### Task directions
Beginning at the line that contains "Christmas Grow a", write out every line down to the end of the records, with both ends kept and nothing added.

### Entries shown
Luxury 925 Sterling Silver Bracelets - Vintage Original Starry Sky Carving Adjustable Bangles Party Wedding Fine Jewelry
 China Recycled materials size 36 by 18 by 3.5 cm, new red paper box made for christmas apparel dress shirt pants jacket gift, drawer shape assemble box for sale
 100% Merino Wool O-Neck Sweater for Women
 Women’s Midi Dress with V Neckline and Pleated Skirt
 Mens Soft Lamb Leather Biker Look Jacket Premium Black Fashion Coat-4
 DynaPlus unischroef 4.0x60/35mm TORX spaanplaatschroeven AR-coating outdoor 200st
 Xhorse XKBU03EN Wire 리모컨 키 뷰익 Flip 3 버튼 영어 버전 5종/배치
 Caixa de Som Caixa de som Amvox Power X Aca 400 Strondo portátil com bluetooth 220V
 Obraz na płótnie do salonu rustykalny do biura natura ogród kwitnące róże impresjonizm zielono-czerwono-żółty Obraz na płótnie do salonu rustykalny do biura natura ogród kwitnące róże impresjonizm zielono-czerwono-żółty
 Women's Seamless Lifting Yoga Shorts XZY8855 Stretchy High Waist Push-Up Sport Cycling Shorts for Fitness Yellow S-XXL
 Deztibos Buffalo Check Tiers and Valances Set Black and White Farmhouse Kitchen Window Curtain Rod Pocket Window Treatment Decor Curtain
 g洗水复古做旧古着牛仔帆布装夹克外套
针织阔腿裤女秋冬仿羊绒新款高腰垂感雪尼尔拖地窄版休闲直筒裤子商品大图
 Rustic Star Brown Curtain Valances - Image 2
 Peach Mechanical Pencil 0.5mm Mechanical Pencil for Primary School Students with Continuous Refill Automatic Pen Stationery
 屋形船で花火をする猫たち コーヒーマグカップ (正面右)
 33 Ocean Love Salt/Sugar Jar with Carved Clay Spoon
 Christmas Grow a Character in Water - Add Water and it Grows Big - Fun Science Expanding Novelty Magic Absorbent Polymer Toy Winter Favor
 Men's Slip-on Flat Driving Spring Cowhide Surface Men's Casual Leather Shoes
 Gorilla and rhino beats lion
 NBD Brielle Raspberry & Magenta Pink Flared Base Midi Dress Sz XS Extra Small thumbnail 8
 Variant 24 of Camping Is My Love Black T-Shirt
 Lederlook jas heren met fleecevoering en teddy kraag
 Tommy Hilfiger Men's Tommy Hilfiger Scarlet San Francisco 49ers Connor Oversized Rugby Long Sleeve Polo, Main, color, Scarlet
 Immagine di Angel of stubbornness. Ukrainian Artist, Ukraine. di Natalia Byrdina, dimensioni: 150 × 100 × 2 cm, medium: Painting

### Task solution
 Christmas Grow a Character in Water - Add Water and it Grows Big - Fun Science Expanding Novelty Magic Absorbent Polymer Toy Winter Favor
 Men's Slip-on Flat Driving Spring Cowhide Surface Men's Casual Leather Shoes
 Gorilla and rhino beats lion
 NBD Brielle Raspberry & Magenta Pink Flared Base Midi Dress Sz XS Extra Small thumbnail 8
 Variant 24 of Camping Is My Love Black T-Shirt
 Lederlook jas heren met fleecevoering en teddy kraag
 Tommy Hilfiger Men's Tommy Hilfiger Scarlet San Francisco 49ers Connor Oversized Rugby Long Sleeve Polo, Main, color, Scarlet
 Immagine di Angel of stubbornness. Ukrainian Artist, Ukraine. di Natalia Byrdina, dimensioni: 150 × 100 × 2 cm, medium: Painting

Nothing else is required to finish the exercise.